Portugal tem uma nova estratégia: o otimismo. Eu não tenho nada contra. É melhor ser otimista que pessimista. Mas só o otimismo não nos salva. Será que não há nada de bom para dizer?
O primeiro-ministro diz-se sempre otimista, o presidente da República também. Os dois, na praça pública, trocam mimos muito otimistas. Marcelo revê-se no otimismo crónico, às vezes ligeiramente irritante, do seu aluno Costa. Diz que lhe vem dos tempos da faculdade, "Porque é mais novo".
É nisto que me lembro de um livro, muito divertido, maldito no seu tempo - escrito em segredo, no séc. XVIII, pelo filósofo iluminista Voltaire - e que tem o mesmo nome deste artigo: "Cândido, ou o Otimismo", onde também se contam as aventuras de um homem e do seu mestre.
Os protagonistas não são António e Marcelo, mas sim, Cândido e Pangloss. Cândido é um jovem que vive no belo castelo de um barão e o seu mestre é um filósofo com uma ideia fixa: todos vivemos no melhor dos mundos possíveis. E tudo corria bem aos dois até que, por causa de um beijo proibido dado a Cunegundes, filha do barão, Cândido é expulso.
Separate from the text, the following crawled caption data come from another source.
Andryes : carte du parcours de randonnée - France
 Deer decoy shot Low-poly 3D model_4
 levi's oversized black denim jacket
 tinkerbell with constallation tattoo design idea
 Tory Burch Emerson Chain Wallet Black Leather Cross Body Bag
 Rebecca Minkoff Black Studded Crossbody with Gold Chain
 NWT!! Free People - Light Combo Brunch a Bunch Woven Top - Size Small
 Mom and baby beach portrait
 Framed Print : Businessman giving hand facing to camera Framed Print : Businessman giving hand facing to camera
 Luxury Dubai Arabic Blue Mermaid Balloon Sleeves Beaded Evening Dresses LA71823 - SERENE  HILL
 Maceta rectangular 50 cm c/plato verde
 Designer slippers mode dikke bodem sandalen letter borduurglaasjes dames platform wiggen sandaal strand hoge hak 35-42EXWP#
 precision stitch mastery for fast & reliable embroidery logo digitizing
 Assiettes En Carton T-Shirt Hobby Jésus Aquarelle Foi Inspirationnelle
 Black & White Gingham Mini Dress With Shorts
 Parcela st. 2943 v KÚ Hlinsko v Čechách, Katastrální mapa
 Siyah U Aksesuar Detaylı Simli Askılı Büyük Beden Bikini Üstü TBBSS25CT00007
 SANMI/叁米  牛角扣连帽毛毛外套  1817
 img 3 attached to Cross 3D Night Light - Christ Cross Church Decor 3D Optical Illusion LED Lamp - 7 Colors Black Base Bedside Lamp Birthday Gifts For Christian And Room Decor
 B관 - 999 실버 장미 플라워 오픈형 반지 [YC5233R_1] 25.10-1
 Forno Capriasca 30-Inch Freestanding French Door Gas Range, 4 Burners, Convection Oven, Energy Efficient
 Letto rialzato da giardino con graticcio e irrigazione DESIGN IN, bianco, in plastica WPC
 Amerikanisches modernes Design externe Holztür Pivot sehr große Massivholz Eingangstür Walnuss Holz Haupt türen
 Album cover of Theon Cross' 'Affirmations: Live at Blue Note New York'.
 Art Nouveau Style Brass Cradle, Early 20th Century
Começa então a sua tragédia: é recrutado à força, testemunha o massacre da guerra, a sua amada é violada por soldados, chega a Lisboa no dia do terremoto e o seu mestre é enforcado pela inquisição. Tanta sorte...
Mas voltemos ao séc. XXI e à otimista terra de Portugal. Estamos dentro do castelo do Barão? Ou já beijámos a filha do patrão?
As coisas não correm bem: o défice aumenta, o desemprego sobe, a economia estagna, os bancos rebentam, as melhores escolas fecham, o gasóleo sobe, e a justiça patina. Mas mesmo assim Marcelo e Costa estão otimistas. Será que vale mesmo a pena a esperança?
Pode ser...mas para isso temos de acreditar - como dizia às vezes Pangloss a Cândido - que todos os acontecimentos estão devidamente encadeados no melhor dos mundos possíveis; pois afinal, se não nos tivéssemos endividado como loucos, pago do nosso bolso os estragos feitos por banqueiros vigaristas, vendido ao desbarato todas as empresas estratégicas, empobrecido significativamente os portugueses, destruído o tecido económico, fechado as melhores escolas e aumentado brutalmente os impostos, não estaríamos agora aqui, ouvindo professor e aluno trocarem mimos otimistas sobre o futuro risonho que nos espera.
Enquanto isso os sindicatos estão na rua a pedir aquilo que já sabem que vão ter. Vai ser bonito!